Das Ausschließungsprinzip

Für das oben dargestellte Problem bietet sich eine einfache Lösung an: Vergessen wir die Fragestellung und hören auf, das Rätsel der Existenz lösen zu wollen. Akzeptieren wir die Unbeantwortbarkeit dieser Frage. Hören wir auf, bei diesem Problem eine emotionale Haltung einzunehmen. Freunden wir uns mit der Vorstellung an, dass es uns niemals möglich sein wird, darüber etwas wissen zu können. Wir können das Problem nur in negativer Weise angehen und sollten wissen, dass all unsere Bemühungen bestenfalls Ansätze liefern. Wirklich lösen können wie es nie, denn alles, was wir sagen, assoziieren, denken, uns also „vorstellen können“, hat mit dem Ursprung der Existenz nichts zu tun, sondern nur mit uns selbst. Das, was übrig bleibt, also wir nicht denken und nicht assoziieren können, könnte es sein.

Egal was uns in den Sinn kommt, hat mit der Ursache allen Seins nichts zu tun. Denn, warum sollte es das? Weil es uns gefällt? Weil es unsere Gedanken sind? Weil diese Vorstellungen uns schmeicheln? Weil es uns in der Schule gelehrt wurde? Weil wir davon überzeugt sind? Weil wir es glauben?

All diese und ähnliche Gründe sind weder Indizien noch Beweise für die Richtigkeit unserer Existenzerklärungsmodelle. Diese spiegeln nur unsere kollektiven Ängste und individuellen Hoffnungen wider. Diese »Kollektiven Ängste und individuellen Hoffnungen« sind die einzigen „Referenzen“, auf die unsere Zuversicht letztendlich gründet, wenn wir denken unseren Gottesglauben plausibel (auch mit moderner Terminologie) begründen zu können. All das ist nur der Ausfluss unseres selbstverliebten Verstandes, dem nicht bewusst ist, dass seine Vorstellungskraft beschränkt ist. Warum sollten wir mit diesem gehandicapten Instrument der Wahrnehmung die größte aller Fragen beantworten können? Das Phänomen der Existenz lässt sich unmöglich mit unseren beschränkten geistigen Fähigkeiten verstehen. Das sollten wir endlich anerkennen.

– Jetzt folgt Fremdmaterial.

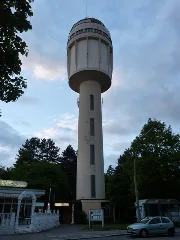 Goldberg Wasserturm Geo En.hlipp.de 10784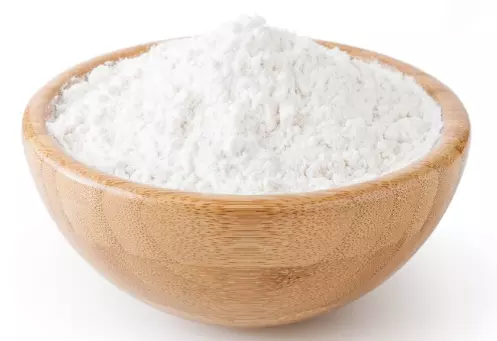 Sodium Bicarbonate (Technical) - Turkey in Chemtradeasia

Wenn wir die Welt im Ganzen und unser eigenes Leben betrachten, müssen wir betrübt feststellen, unfähig zu sein, unsere sozialen Probleme zufriedenstellend in den Griff zu bekommen – als Einzelmenschen, Gesellschaften und Nationen – glauben jedoch, die bedeutendste aller Fragen beantworten zu können? Das ist unglaubwürdig und eine infantile Vorstellung.

Anmerkung:

Das „Ausschließungsprinzip“ ist der sogenannten negativen Theologie bei flüchtiger Betrachtung ähnlich. Allerdings geht Letztere von der Existenz Gottes aus. Sie sagt nur, dass wahre Aussagen über ihn unmöglich sind. „Gott ist die Ursache allen Seins“ ist – so weit ich weiß – die einzige Aussage, welche die negative Theologie über Gott anerkennt.
Das von mir oben dargestellte „ontologische Ausschließungsprinzip“ behandelt hingegen das Phänomen der Existenz (die eine Schöpferinstanz, falls es sie denn gibt, mit einschließt). Die Existenz ist tatsächlich als Phänomen erkennbar. Im Gegensatz zu Gott ist sie keine Spekulation, an die wir glauben können oder nicht. Es macht also keinen Sinn zu sagen: „Ich glaube, dass es die Existenz gibt.“ Was auch immer sie ist oder bedeutet: Es gibt sie – das ist definitiv wahr. Von Gott können wir das allerdings nicht sagen – nur glauben.